TASK OBJECTIVE
The data below should be restated word for word, with every picture omitted.

INFORMATION SHOWN
╭──

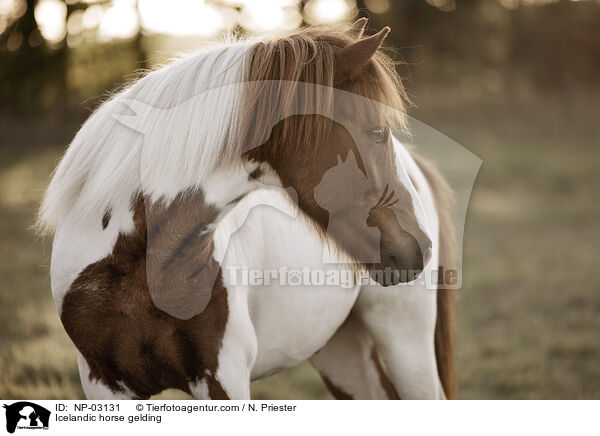 Islnder Wallach / Icelandic horse gelding / NP-03131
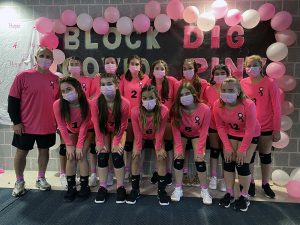 LHS Volleyball and DECA raise more than $2400 for Breast Cancer Awareness  Month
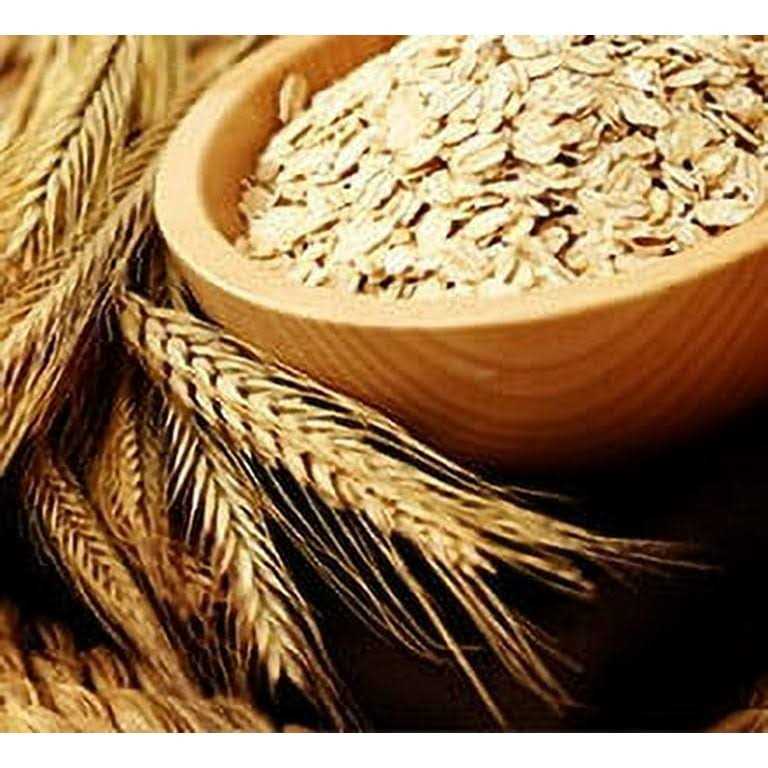 Vet's Best Waterless Dog Bath - Image 4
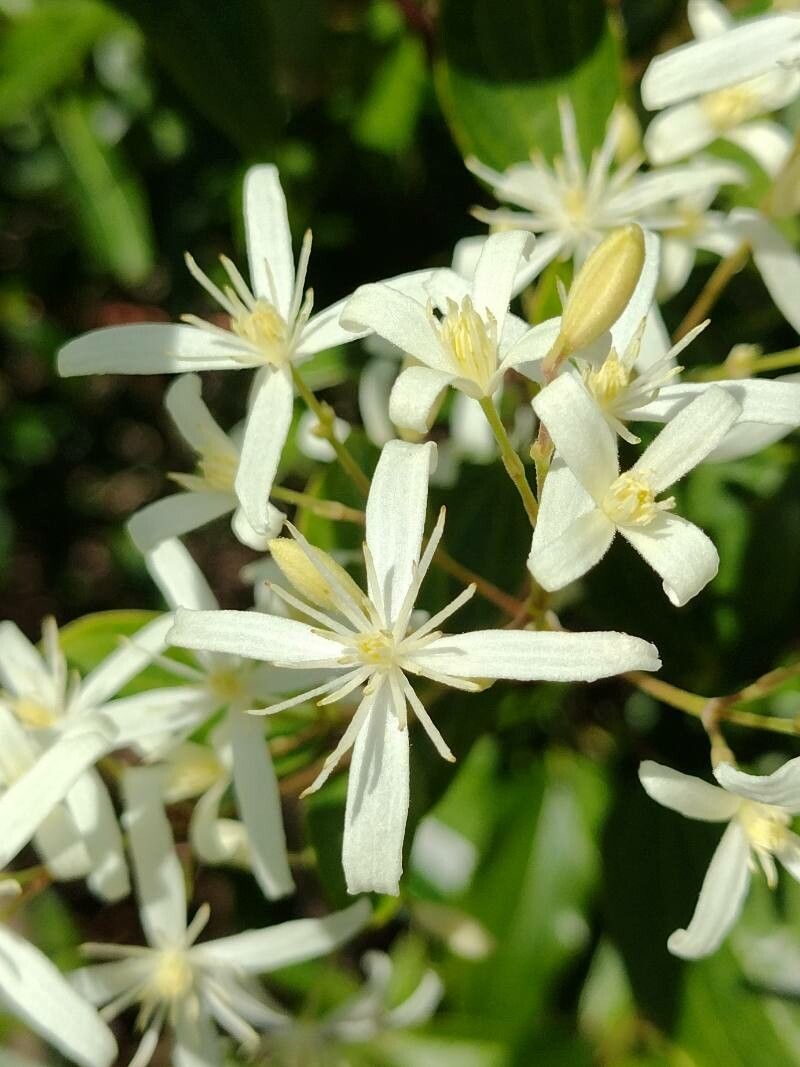Clematis glycinoides flower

╰──

REPLY TO THE EXERCISE
 Islnder Wallach / Icelandic horse gelding / NP-03131
 LHS Volleyball and DECA raise more than $2400 for Breast Cancer Awareness  Month
 Vet's Best Waterless Dog Bath - Image 4
Clematis glycinoides flower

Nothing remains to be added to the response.